The Devil Inside Her
The American novelist Susan Taubes drowned herself off the coast of East Hampton in 1969 at the age of 41. She had suffered from severe depression for a long time, but many friends thought the proximate cause of her death was a savage New York Times review of Divorcing, the only one of her novels to be published in her lifetime. The review had come out just a few days earlier. The critic, Hugh Kenner, had dismissed the work as the pretentious noodlings of a “lady novelist.” Kenner was cruelly, unforgivably wrong. Divorcing—reissued in 2020 by NYRB Classics, this time to high praise—is a masterpiece: witty, raw, and outrageous. More than half a century and a feminist revolution later, it still feels utterly original, and is still shocking. That readers now are likely to come to the novel knowing, either from reviews or the preface, that most of it is autobiographical makes the shock even more acute.
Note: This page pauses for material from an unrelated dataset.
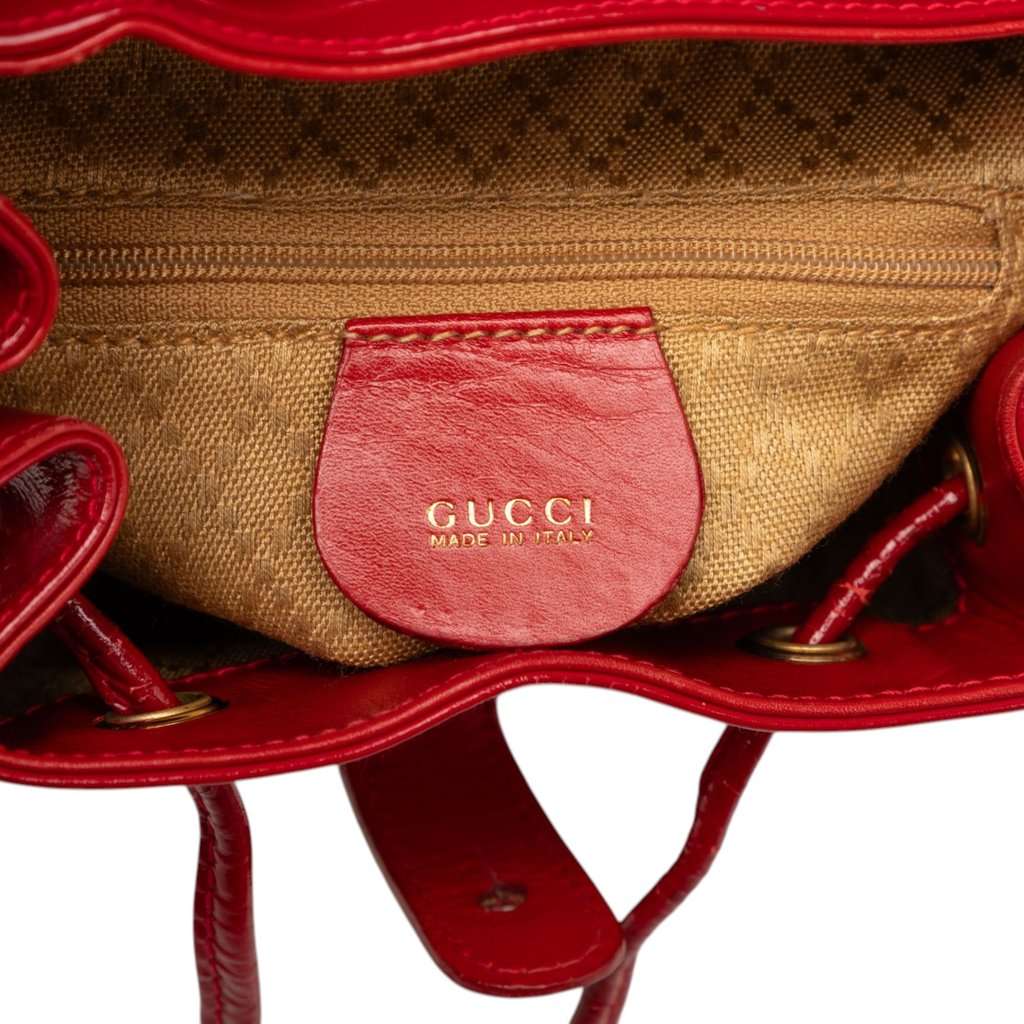 Gucci Patent Bamboo Drawstring Backpack Red Leather Good - Box View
Divorcing’s protagonist, Sophie Blind, has been given more or less Taubes’s story: childhood in Hungary; flight to America ahead of Nazi occupation; a father who was a famous psychiatrist and raised her by himself; a lifelong sense of estrangement from both her adoptive country and herself; an attraction to anonymous sex. Like Susan, Sophie has studied “philosophy, epistemology, published papers.” And then there’s the husband Sophie is divorcing, Ezra Blind, a brilliant, seductive, philandering philosophy professor and point-for-point replica of Susan’s husband, Jacob Taubes.